Caption-style text data:
══════════

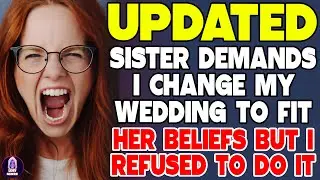 Sister Demands I Change My Wedding To Fit Her Beliefs But I Refused To Do It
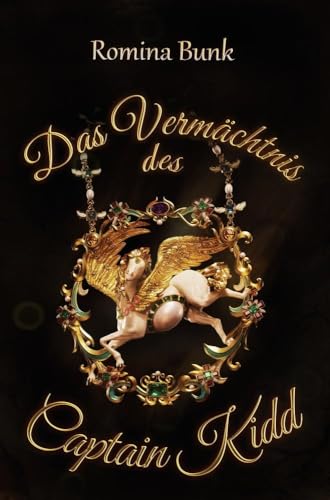 Das Vermächtnis des Captain Kidd: Band 1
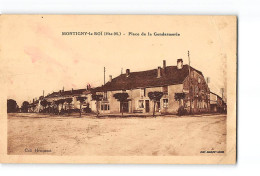 MONTIGNY LE ROI - Place De La Gendarmerie - Très Bon état - Montigny Le Roi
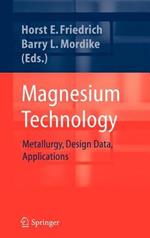 Magnesium Technology: Metallurgy, Design Data, Applications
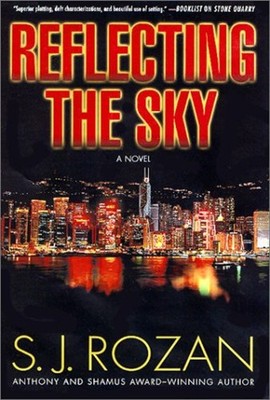 Reflecting the Sky : A Novel Hardcover S. J. Rozan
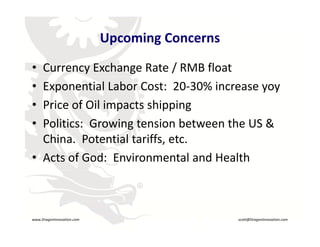 Upcoming Concerns

     • Currency Exchange Rate / RMB float
     • Exponential Labor Cost:  20‐30% increase yoy
     • Price of Oil impacts shipping
       Price of Oil impacts shipping
     • Politics:  Growing tension between the US & 
       China.  Potential tariffs, etc.
       China Potential tariffs etc
     • Acts of God:  Environmental and Health
                                    R




    www.DragonInnovation.com                          scott@DragonInnovation.com
www.DragonInnovation.com
                                             Scott@DragonInnovation.com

══════════

▶ [Directions]: Report every line in the data that holds "tariffs", copying each one.

▶ [Answer area]:
       China.  Potential tariffs, etc.
       China Potential tariffs etc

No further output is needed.